Subida de regimes autoritários gera menos segurança
A mesa redonda foi aberta com a contextualização do estado da liberdade de imprensa no mundo, que está a descer ao nível dos anos 80 com a subida de autocracias. Em 2023, 71% da população mundial vivia sobre a governança desses regimes, quando há 30 anos este valor chegava a metade, notou Ruth Kronenburg, diretora-executiva da Free Press Unlimited.
“Sem informação, é impossível fazer decisões, especialmente em tempos de conflito, mas para isso é preciso garantir primeiro a segurança dos jornalistas”, alertou a investigadora, que apresentou um dado sobre a falta de segurança de jornalistas nos Países Baixos. Os casos de agressões verbais, ameaças, intimidação, partilha de dados pessoais de jornalistas, bem como agressões físicas estão a aumentar. Mas também de detenções durante a cobertura de ações e manifestações
E em Portugal, qual é a situação? Embora ocupe o 7.º lugar em 180 países no ranking da liberdade de imprensa deste ano, mas os jornalistas portugueses estão expostos a um conjunto de desafios económicos, jurídicos e de segurança. Mas também por uma crescente autocensura e ameaças verbais e intimidações no digital, em linha com o crescimento da extrema direita em Portugal, sublinha Sofia Branco, presidente da Associação Literacia Para os Media, moderadora da discussão.

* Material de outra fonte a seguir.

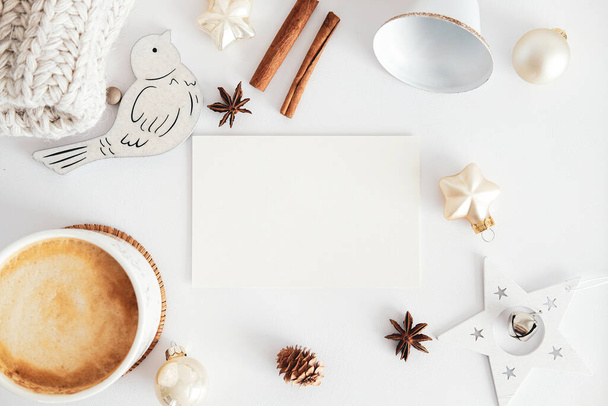 Hygge Christmas composition. Flat lay blank greeting card mockup, cinnamon sticks, cup of coffee, bell, balls, knitted hat, wooden Christmas decorations on white table. Top view. Nordic style. - Foto, Imagen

A sessão foi aberta pelo diretor-executivo do CoLABOR, João Vasco Lopes e Teresa Ribeiro, ex-representante para a Liberdade dos Media da Organização e Segurança e Cooperação Europeia (OSCE RFoM), que sublinharam o papel do jornalismo no reforço do estado de direito e para uma boa governança. Alertando, tal como os convidados de painel, que as ameaças aos jornalistas e a precariedade têm impactos negativos na qualidade informativa.
“É preciso mostrar que a liberdade dos media é um elemento constitutivo dos media e não é uma ameaça à segurança”, resumiu Teresa Ribeiro, defendendo que se deve combater este desafio em várias frentes, além do financiamento. Desde logo através de um “serviço público robusto”.
O evento conta com o alto patrocínio do presidente da República e o apoio do Sindicato dos Jornalistas e deverá ser encerrado pelo secretário de Estado Adjunto e dos Assuntos Parlamentares.